Requirement:
Would you write out the lines below exactly, from the one containing "SKYE Siyah Hakiki" to the very last, but without the pictures?

Excerpted data:
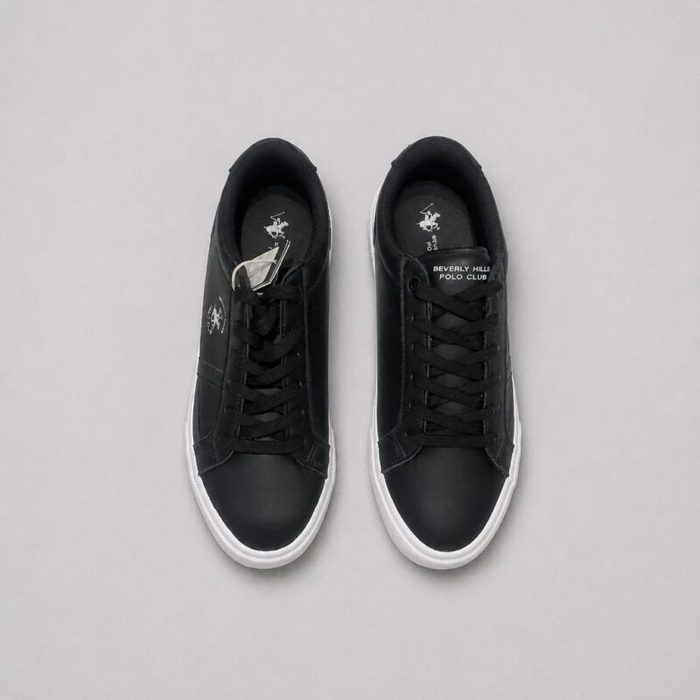 Polo Club Mens Low Top Contrast Stripe Lace Up Sneakers Black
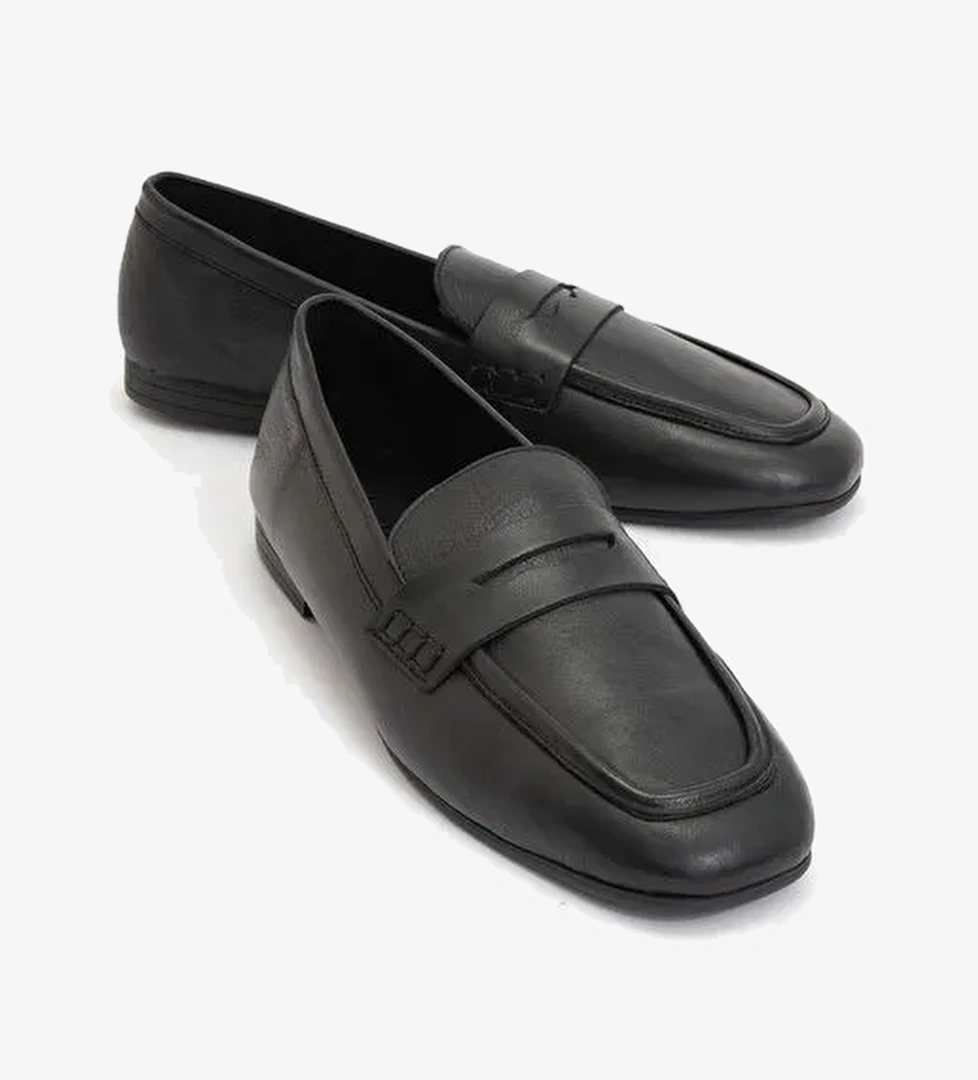 SKYE Siyah Hakiki Deri Küt Burun Kadın Loafer Ayakkabı - Görsel 1
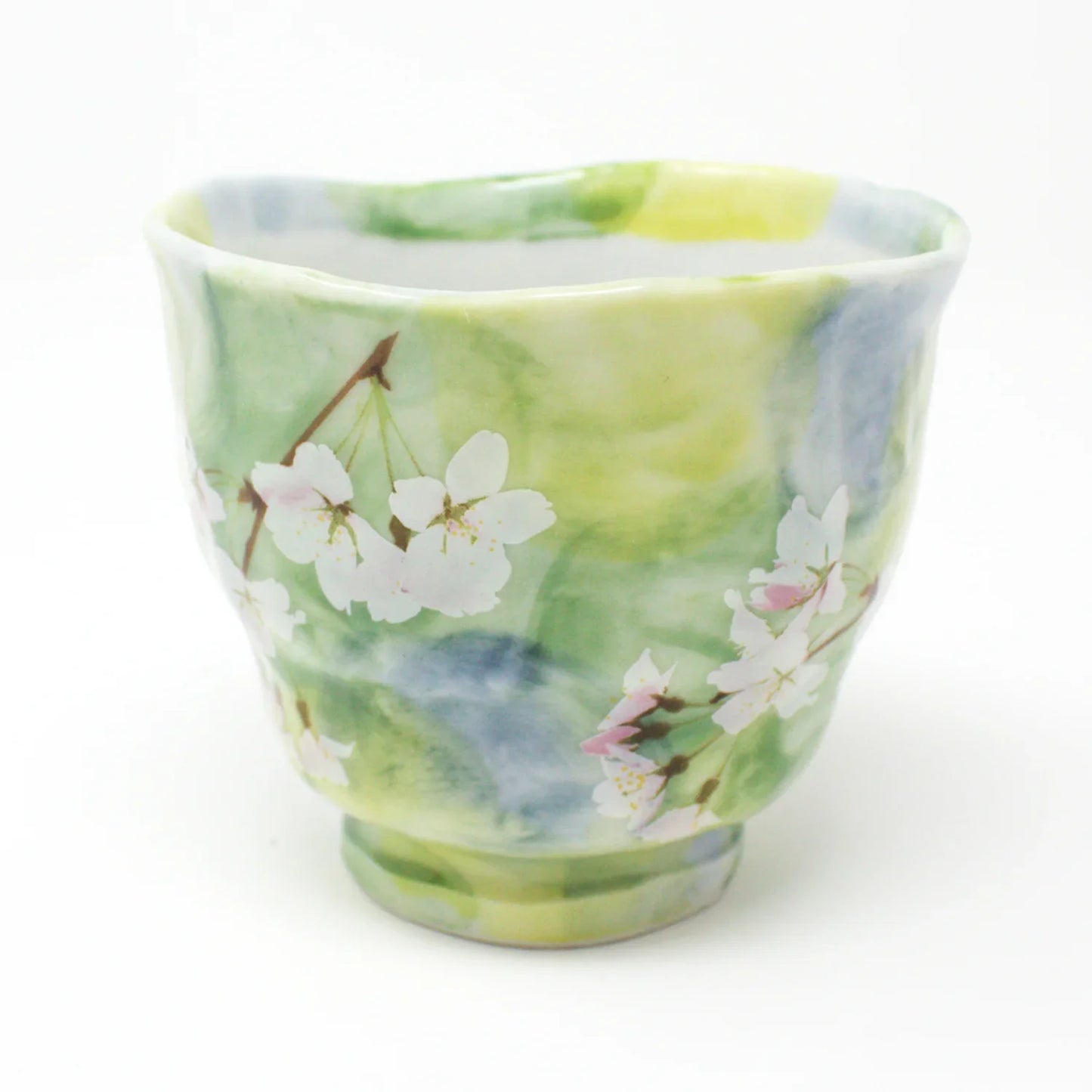 Hanagasumi Mino Ware Yunomi Teacup - Green Cherry Blossom Japanese Porcelain Cup, Made in Japan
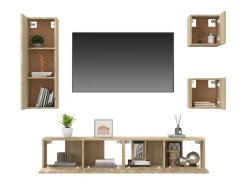 Online Conjunto móveis de TV 5 pcs madeira processada carvalho sonoma PT701438 Castanho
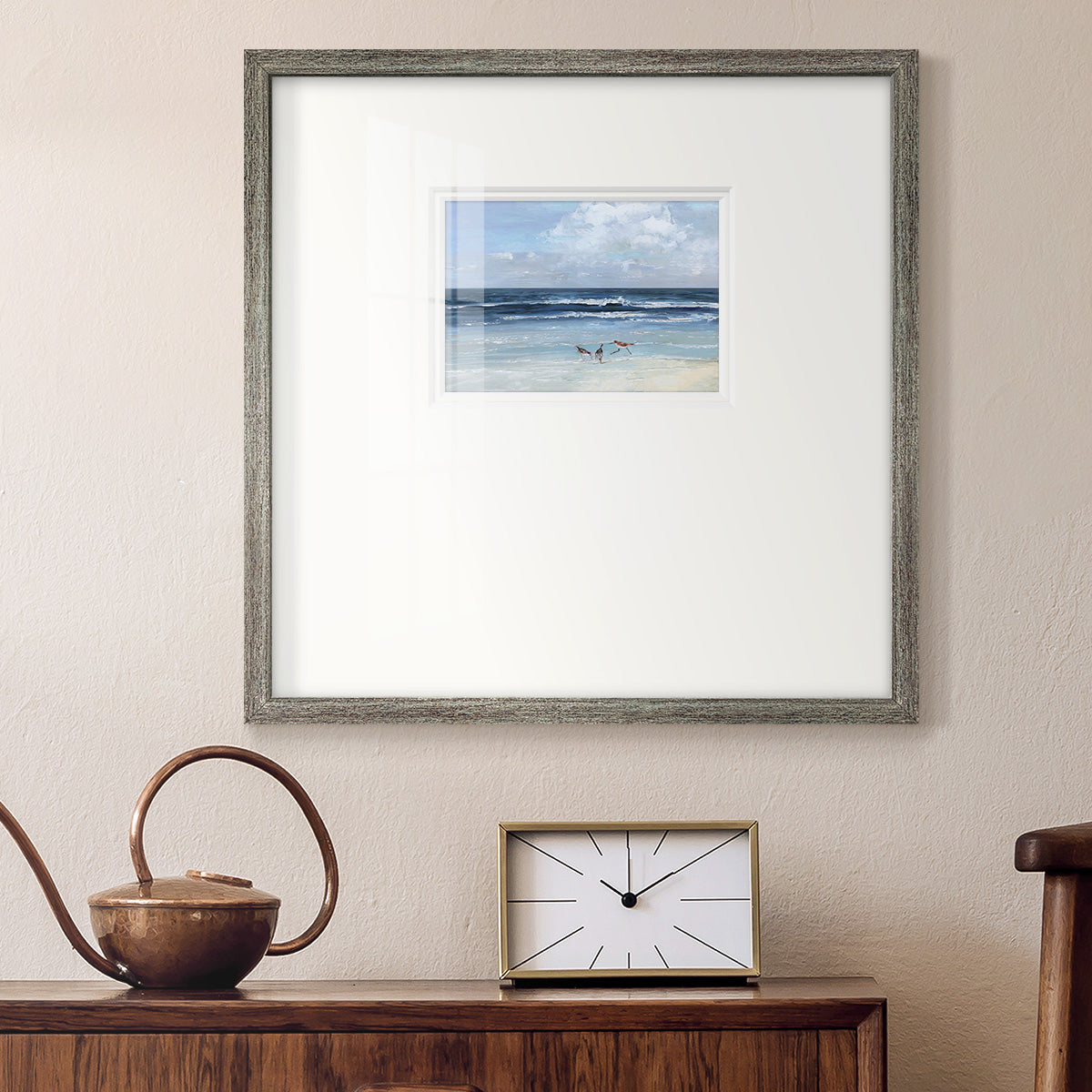 Beach Trio Premium Framed Print Double Matboard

Written response:
 SKYE Siyah Hakiki Deri Küt Burun Kadın Loafer Ayakkabı - Görsel 1
 Hanagasumi Mino Ware Yunomi Teacup - Green Cherry Blossom Japanese Porcelain Cup, Made in Japan
 Online Conjunto móveis de TV 5 pcs madeira processada carvalho sonoma PT701438 Castanho
 Beach Trio Premium Framed Print Double Matboard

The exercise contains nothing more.